Wird zusätzliches Licht benötigt, sind LED-Lampen die beste Wahl. Sie verbrauchen wesentlich weniger Strom als ältere Leuchtmittel und haben gleichzeitig eine lange Lebensdauer.

 

 

Weitere hilfreiche Tipps:

  • Licht nur in genutzten Räumen einschalten
  • Den Arbeitsbereich gezielt beleuchten
  • Leuchten regelmäßig reinigen, damit sie ihre volle Lichtleistung behalten



6. Router und Netzwerkgeräte nicht vergessen

Der WLAN-Router gehört zu den am häufigsten übersehenen Stromverbrauchern im Haushalt.

 

Da Router meist rund um die Uhr laufen, entsteht über das gesamte Jahr hinweg ein relevanter Energieverbrauch. Je nach Modell können zwischen 90 und 180 kWh Strom pro Jahr anfallen. Das entspricht teilweise bereits dem Verbrauch eines kleinen, energieeffizienten Kühlschranks.

 

Probiere doch einmal eine oder mehrere der folgenden Maßnahmen, um den Verbrauch zu reduzieren:

  • WLAN nachts automatisch abschalten
  • Energiesparfunktionen aktivieren
  • Nicht benötigte Funktionen deaktivieren
  • Geräte bei längerer Abwesenheit (zum Beispiel Urlaub) ausschalten
  • Prüfen, ob zusätzliche Repeater oder Netzwerkgeräte tatsächlich benötigt werden

 

Schon kleine Anpassungen können hier langfristig Wirkung zeigen.
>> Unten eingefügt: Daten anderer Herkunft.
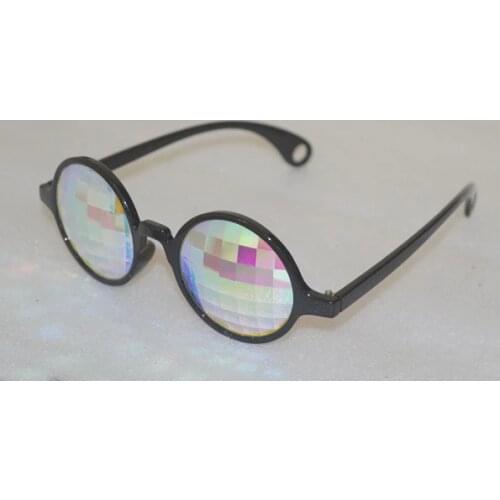 High quality squar prism Black kaleidoscope glasses glass lens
7. Kleine Gewohnheiten mit großer Wirkung

Neben den großen Verbrauchern gibt es zahlreiche alltägliche Möglichkeiten, Energie zu sparen.

 

Dazu gehören zum Beispiel:

  • Wasser mit dem Wasserkocher erhitzen
  • Den Geschirrspüler nur voll beladen starten
  • Eco-Programme bei Haushaltsgeräten nutzen
  • Kühl- und Gefriergeräte regelmäßig abtauen und richtig befüllen
  • Haushaltsgeräte regelmäßig warten

 

Jede einzelne Maßnahme spart nur wenig Energie. Über das Jahr hinweg können diese kleinen Gewohnheiten jedoch einen spürbaren Unterschied machen.
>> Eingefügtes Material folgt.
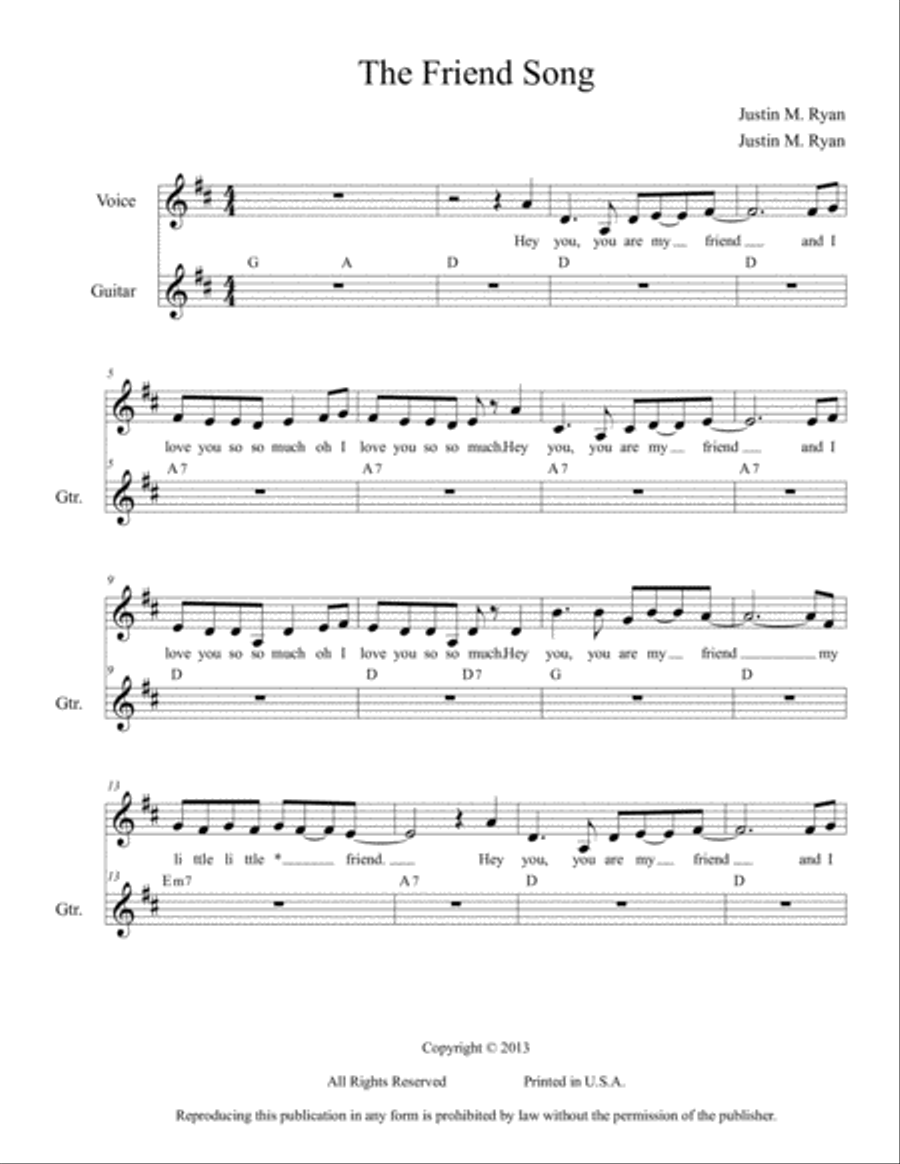The Friend Song The Friend Song Small Ensemble scores gallery preview page 1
Mehr Zeit im Homeoffice heißt nicht automatisch höhere Energiekosten.

 

Wenn du die größten Energieverbraucher in deinem Haushalt kennst und gezielt optimierst, kannst du sowohl Strom als auch Heizenergie einsparen. Besonders bei Heizung, Computertechnik, Beleuchtung und dauerhaft laufenden Netzwerkgeräten lohnt sich ein genauer Blick.
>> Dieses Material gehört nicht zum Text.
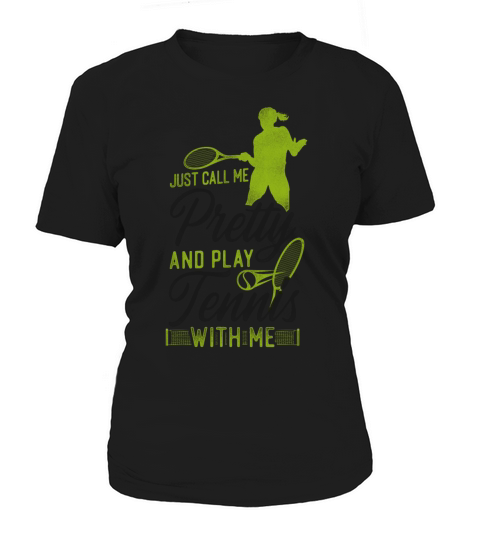 Funny Tennis Player Racket Girl Women's T-Shirt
Letztlich braucht es oft keine großen Investitionen, um Energie effizienter zu nutzen. Häufig sind es die kleinen Entscheidungen im Alltag, die langfristig die größte Wirkung zeigen.

 

In Kombination mit Strom aus erneuerbaren Energien lässt sich der ökologische Fußabdruck des Homeoffice zusätzlich reduzieren – für mehr Nachhaltigkeit und einen bewussteren Umgang mit Energie.